With the pictures removed, the data below must be transcribed in full and exactly.
══ DATA ══
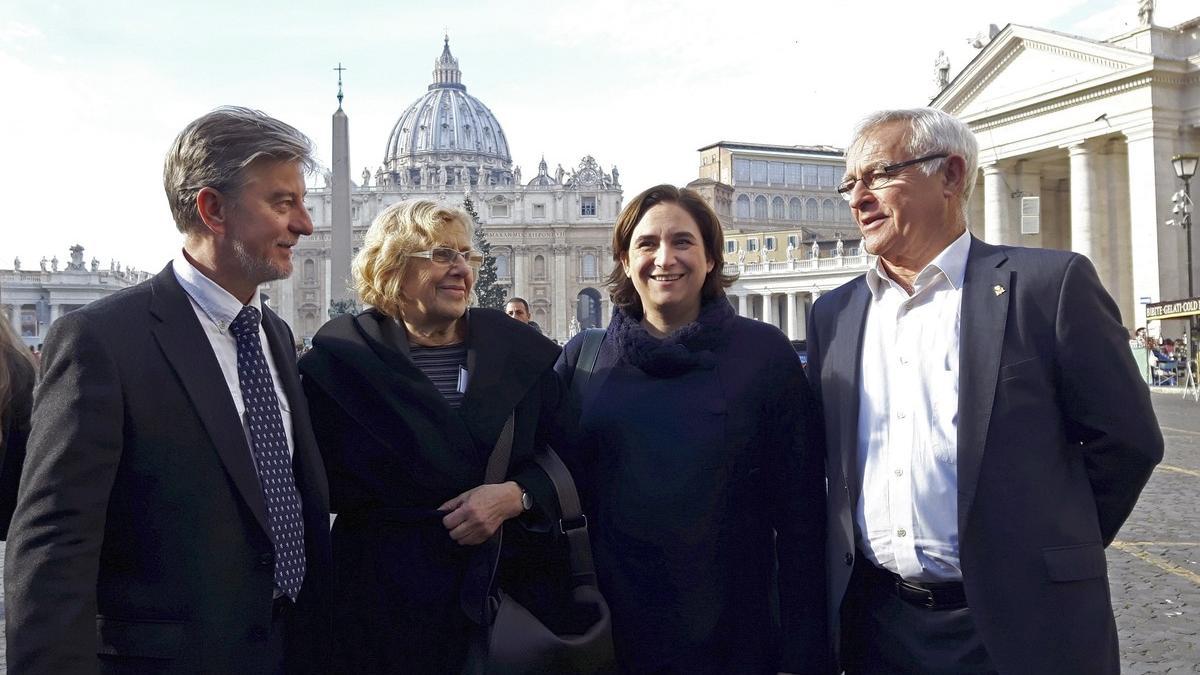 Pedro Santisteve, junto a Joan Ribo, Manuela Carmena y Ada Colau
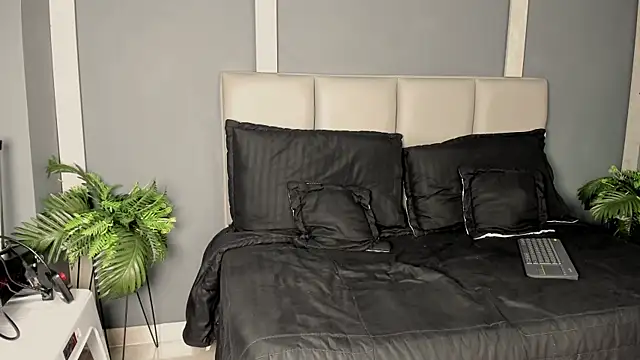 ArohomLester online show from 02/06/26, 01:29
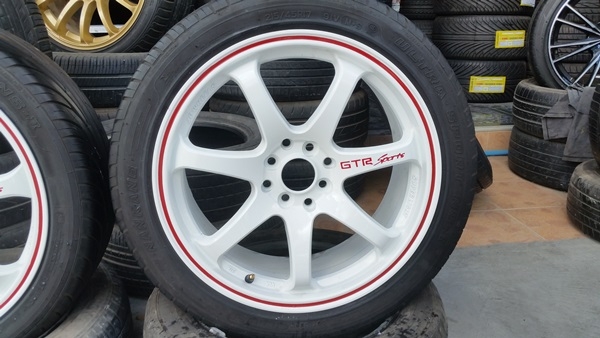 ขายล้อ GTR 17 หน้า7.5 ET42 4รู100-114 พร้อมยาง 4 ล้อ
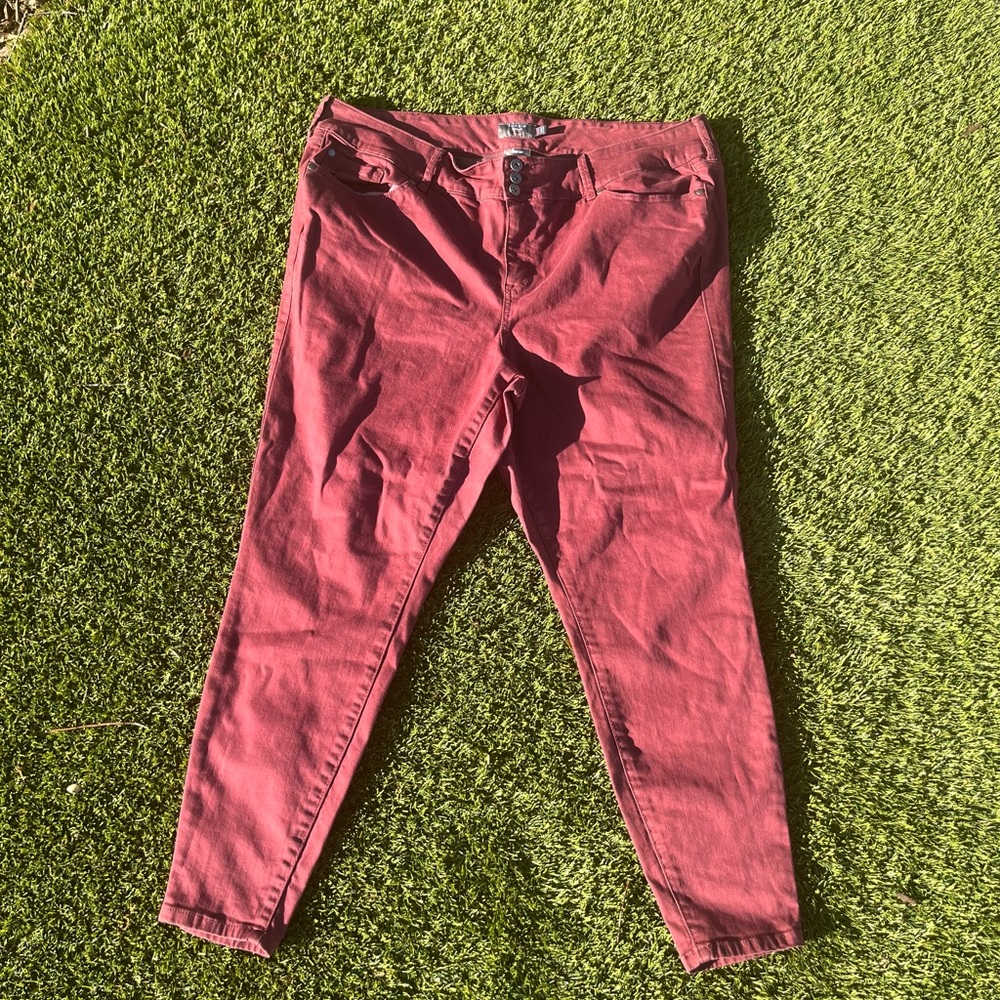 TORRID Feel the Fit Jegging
═══
[OUTPUT FOR THIS TASK]
 Pedro Santisteve, junto a Joan Ribo, Manuela Carmena y Ada Colau
 ArohomLester online show from 02/06/26, 01:29
 ขายล้อ GTR 17 หน้า7.5 ET42 4รู100-114 พร้อมยาง 4 ล้อ
 TORRID Feel the Fit Jegging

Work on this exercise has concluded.